JSD ratio 1.373, p = 0.0000. Spectral clustering recovers O/R/α exactly — ARI = 1.000 across 8 seeds. The Astronomical section floats alone. Hover any node.
The void framework assigns each of the five Voynich sections to a position in (O, R, α) space. If that assignment is real — if the manuscript is actually encoding dimensional coordinates — then the vocabulary distributions between sections should be more separated than random.
We tested it. Shuffle the section labels 5,000 times, measure the spread of the JSD distance matrix each time, compare to the real manuscript. Zero of 5,000 shuffles matched or exceeded the observed spread. p = 0.0000.
Each cell is the Jensen-Shannon divergence between two sections' word frequency distributions. Lower = more similar vocabulary.
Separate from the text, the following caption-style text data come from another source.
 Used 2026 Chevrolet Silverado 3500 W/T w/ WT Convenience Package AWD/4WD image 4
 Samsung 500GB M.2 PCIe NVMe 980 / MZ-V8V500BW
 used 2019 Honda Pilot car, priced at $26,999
Brighter = more distant (more different).
| Herbal_A | Astronomical | Biological | Pharmaceutical | Stars_Text | |
|---|---|---|---|---|---|
| Herbal_A | — | 0.596 | 0.586 | 0.529 | 0.552 |
| Astronomical | 0.596 | — | 0.664 ↑ max | 0.609 | 0.616 |
| Biological | 0.586 | 0.664 | — | 0.616 | 0.484 ↓ min |
| Pharmaceutical | 0.529 | 0.609 | 0.616 | — | 0.579 |
| Stars_Text | 0.552 | 0.616 | 0.484 | 0.579 | — |
The maximum gap (Astronomical↔Biological, 0.664) is between the R-axis and α-axis — cyclical responsiveness notation and coupling topology notation are maximally different. The minimum gap (Biological↔Stars_Text, 0.484) is between coupling topology and the constraint pole — the final specification is written in the language of coupling. Max/min ratio: 1.373. Permutation p: 0.0000.
Spectral clustering on the word co-occurrence matrix with k=3 recovers exactly the three dimensions the void framework predicted. Stable across 8 random seeds (ARI = 1.000 — identical assignments every time). k=4 is not better.
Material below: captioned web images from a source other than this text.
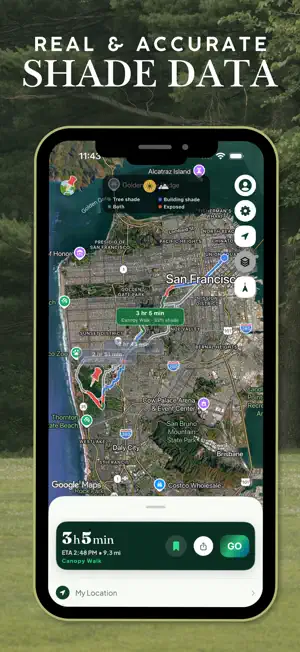 BrightMaps screenshot 1
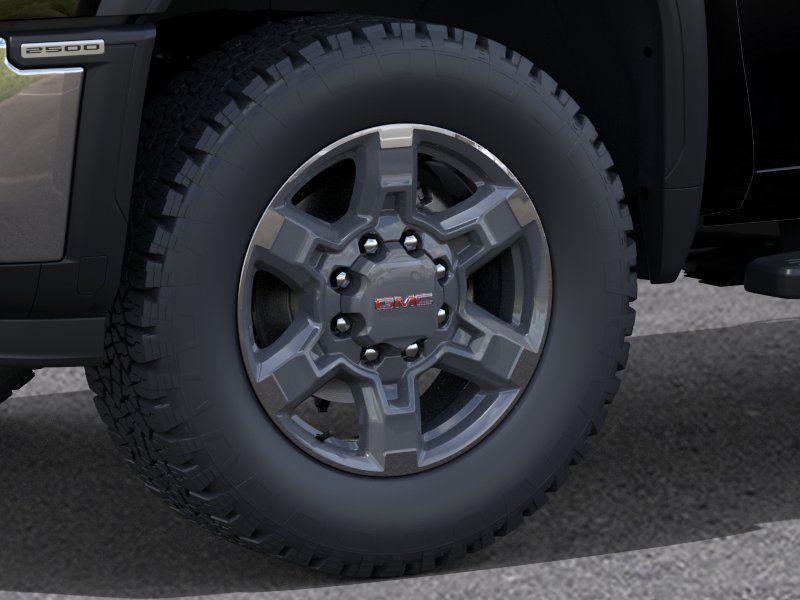 new 2026 GMC Sierra 2500 car, priced at $69,575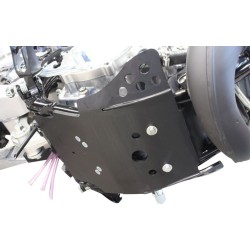 Placă de protecție HDPE 6mm MOOSE RACING PX1519 Placă de protecție HDPE 6mm MOOSE RACING PX1519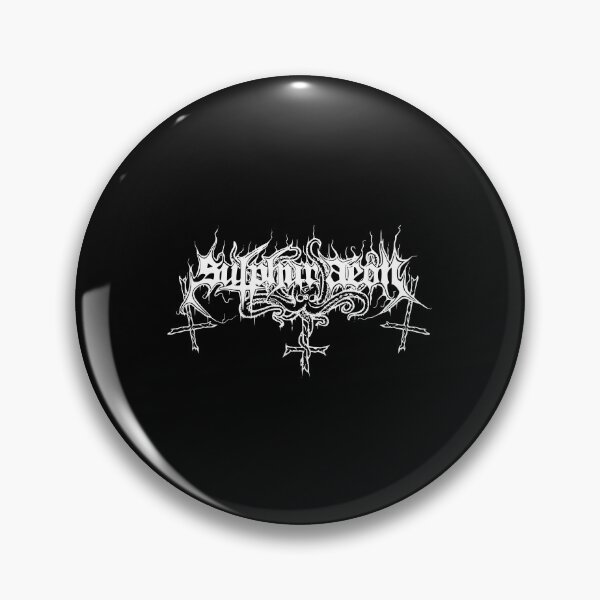 Item preview, Sulphur Aeon HD Logo designed and sold by KPopverse2.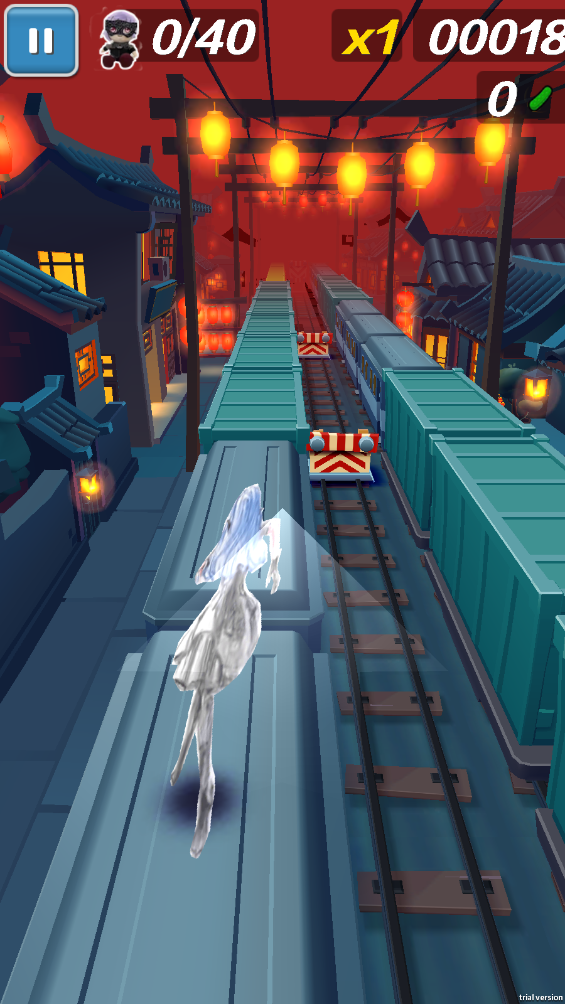 阁楼跑酷官方正版截图4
The void-object catalog. ch-, cth-, sh- prefix family. High-frequency opacity notation — the most basic cataloguing vocabulary.
Cyclical pattern notation. ote-, oke-, yke- prefix family. The R-axis morphological signature — each form encodes a periodic orbit configuration.
Flow topology notation. qo+k prefix family. The qol- subset (78% Biological) is the most section-specific prefix in the full manuscript.
No prior Voynich analysis has computed per-section conditional character entropy. When we did, we found something unexpected — a double dissociation between character-level and word-level entropy across the two most structurally distinct sections.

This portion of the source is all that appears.